Recorded information: Begin

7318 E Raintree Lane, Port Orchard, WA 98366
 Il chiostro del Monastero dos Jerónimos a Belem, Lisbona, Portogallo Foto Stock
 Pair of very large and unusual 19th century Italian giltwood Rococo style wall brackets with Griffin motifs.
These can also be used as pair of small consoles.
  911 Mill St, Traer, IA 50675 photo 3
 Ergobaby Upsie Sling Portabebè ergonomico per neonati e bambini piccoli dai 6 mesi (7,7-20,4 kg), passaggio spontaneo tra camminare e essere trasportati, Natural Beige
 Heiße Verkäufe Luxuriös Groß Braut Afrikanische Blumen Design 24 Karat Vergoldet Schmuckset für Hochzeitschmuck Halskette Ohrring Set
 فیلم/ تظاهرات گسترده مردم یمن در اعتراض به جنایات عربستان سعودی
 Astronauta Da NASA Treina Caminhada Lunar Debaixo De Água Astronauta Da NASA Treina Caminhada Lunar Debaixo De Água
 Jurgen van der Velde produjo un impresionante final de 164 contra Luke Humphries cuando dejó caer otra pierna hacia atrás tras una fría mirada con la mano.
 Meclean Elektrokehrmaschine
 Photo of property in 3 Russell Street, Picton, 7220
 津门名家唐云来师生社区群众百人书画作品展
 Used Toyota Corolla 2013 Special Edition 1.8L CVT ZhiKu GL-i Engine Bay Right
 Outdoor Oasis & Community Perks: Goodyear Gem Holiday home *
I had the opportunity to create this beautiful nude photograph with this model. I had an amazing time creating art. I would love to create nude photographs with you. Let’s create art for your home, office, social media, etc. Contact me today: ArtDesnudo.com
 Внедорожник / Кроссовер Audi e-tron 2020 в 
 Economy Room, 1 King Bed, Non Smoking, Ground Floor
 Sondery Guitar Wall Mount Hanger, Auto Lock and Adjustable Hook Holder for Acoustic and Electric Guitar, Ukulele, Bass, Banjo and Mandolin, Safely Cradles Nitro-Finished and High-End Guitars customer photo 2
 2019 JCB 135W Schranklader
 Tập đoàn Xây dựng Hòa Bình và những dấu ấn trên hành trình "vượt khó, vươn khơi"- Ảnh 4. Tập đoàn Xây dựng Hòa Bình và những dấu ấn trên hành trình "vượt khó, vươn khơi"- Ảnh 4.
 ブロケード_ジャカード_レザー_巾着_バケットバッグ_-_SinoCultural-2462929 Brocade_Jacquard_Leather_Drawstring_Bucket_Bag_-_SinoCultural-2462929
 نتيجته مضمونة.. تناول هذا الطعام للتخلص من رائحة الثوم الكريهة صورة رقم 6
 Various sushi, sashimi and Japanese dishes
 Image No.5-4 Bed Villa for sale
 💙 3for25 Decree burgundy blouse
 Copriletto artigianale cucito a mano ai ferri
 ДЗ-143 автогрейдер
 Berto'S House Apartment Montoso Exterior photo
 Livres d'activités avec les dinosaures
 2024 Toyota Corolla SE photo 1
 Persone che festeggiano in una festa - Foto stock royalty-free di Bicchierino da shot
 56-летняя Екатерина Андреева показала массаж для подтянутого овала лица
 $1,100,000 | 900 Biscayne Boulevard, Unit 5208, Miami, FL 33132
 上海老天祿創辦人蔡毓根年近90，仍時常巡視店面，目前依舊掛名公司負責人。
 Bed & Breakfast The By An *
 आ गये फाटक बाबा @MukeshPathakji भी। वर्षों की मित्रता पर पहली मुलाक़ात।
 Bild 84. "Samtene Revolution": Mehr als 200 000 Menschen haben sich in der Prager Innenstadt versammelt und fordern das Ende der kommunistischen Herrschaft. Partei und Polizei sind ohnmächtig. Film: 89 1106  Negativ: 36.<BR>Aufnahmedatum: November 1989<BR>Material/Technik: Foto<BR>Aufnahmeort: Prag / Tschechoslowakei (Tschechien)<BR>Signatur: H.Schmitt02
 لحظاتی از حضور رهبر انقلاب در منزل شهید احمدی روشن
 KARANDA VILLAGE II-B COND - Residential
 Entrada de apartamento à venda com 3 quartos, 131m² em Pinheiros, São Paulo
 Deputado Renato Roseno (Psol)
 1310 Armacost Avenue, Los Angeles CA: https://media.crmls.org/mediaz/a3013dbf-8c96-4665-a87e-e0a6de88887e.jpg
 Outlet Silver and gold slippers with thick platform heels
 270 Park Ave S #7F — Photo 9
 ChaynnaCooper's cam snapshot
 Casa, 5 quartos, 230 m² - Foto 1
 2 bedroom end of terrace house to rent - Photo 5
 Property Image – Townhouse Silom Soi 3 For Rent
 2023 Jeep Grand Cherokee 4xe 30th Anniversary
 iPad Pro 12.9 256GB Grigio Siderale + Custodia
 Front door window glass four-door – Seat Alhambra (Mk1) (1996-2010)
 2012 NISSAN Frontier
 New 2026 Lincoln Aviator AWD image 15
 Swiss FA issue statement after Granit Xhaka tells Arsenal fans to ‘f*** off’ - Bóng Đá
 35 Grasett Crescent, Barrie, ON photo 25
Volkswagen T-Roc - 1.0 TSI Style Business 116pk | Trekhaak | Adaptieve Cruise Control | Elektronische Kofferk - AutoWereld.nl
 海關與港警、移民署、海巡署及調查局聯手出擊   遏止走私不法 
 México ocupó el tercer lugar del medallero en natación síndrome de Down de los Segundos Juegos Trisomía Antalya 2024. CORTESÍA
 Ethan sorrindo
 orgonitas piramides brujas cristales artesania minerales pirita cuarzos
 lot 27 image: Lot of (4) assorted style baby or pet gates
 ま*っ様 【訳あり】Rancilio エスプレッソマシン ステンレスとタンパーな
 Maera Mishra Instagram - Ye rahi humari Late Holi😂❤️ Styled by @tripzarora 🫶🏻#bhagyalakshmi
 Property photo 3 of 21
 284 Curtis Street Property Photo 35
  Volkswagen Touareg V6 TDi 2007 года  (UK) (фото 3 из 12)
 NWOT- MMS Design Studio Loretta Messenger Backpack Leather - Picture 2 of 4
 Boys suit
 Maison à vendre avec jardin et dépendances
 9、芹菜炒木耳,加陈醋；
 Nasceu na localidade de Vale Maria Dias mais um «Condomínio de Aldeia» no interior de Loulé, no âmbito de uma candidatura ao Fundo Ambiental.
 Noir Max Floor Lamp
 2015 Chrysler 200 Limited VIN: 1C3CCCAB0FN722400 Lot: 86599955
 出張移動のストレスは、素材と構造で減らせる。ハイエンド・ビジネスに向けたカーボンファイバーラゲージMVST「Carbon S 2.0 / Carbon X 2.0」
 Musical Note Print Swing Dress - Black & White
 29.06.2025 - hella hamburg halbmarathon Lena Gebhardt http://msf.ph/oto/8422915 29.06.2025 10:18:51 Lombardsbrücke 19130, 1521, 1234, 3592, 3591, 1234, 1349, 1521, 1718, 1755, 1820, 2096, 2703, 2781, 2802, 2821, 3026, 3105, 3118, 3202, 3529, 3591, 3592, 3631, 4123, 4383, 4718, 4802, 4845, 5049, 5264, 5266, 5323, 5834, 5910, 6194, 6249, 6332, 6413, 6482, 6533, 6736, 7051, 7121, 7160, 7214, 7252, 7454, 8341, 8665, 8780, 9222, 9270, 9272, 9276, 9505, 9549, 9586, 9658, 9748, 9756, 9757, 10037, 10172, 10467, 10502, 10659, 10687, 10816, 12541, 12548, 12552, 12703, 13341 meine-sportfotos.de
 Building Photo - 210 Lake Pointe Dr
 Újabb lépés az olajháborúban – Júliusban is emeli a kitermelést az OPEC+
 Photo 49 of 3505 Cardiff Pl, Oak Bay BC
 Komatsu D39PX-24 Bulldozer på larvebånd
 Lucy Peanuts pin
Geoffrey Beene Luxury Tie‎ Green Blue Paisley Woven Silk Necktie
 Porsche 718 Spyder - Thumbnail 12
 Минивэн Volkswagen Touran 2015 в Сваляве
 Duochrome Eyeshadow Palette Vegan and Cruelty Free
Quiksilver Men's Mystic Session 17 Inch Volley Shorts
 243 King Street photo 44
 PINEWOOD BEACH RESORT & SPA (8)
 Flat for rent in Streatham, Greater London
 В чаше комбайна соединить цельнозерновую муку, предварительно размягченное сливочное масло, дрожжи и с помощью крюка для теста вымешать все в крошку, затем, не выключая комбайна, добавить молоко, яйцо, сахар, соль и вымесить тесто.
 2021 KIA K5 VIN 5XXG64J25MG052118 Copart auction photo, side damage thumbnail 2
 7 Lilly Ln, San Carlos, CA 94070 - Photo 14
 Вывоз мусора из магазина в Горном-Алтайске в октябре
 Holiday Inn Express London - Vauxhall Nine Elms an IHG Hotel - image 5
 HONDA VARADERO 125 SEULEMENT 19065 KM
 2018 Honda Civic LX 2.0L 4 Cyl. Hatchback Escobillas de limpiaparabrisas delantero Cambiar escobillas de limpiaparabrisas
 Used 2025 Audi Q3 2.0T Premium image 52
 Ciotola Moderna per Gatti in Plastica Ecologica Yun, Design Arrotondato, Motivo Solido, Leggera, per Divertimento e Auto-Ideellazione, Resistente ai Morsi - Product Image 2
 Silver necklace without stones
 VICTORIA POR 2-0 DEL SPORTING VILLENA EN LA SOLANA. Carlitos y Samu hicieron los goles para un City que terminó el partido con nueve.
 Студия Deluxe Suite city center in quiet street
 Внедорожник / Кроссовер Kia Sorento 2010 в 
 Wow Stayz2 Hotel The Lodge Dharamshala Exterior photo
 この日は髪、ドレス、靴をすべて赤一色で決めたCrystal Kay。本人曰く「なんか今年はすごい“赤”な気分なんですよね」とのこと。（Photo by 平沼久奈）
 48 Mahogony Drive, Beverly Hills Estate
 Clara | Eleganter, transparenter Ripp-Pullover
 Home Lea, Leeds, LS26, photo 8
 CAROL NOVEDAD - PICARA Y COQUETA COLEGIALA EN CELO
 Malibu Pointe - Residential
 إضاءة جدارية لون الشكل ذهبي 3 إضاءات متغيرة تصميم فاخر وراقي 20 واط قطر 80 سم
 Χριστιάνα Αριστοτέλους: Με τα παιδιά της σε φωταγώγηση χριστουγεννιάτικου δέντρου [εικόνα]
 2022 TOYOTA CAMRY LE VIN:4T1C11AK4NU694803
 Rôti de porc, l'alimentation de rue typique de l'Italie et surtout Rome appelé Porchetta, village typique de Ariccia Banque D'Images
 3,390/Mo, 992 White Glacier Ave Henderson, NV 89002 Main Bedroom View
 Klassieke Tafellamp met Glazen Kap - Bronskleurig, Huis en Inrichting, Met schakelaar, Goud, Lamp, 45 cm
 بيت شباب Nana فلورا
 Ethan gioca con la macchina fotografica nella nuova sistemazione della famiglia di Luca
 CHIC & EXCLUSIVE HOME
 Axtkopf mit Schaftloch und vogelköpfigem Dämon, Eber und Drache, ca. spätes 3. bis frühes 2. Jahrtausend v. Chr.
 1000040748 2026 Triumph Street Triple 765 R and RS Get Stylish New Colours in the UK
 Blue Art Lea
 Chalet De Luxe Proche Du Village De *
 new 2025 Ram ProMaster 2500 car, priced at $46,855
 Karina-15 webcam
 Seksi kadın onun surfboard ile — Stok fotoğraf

Recorded information: End

## Task details
The answer must be every line from the records above that contains the word "White", copied in full.

## Result below
 Musical Note Print Swing Dress - Black & White
 3,390/Mo, 992 White Glacier Ave Henderson, NV 89002 Main Bedroom View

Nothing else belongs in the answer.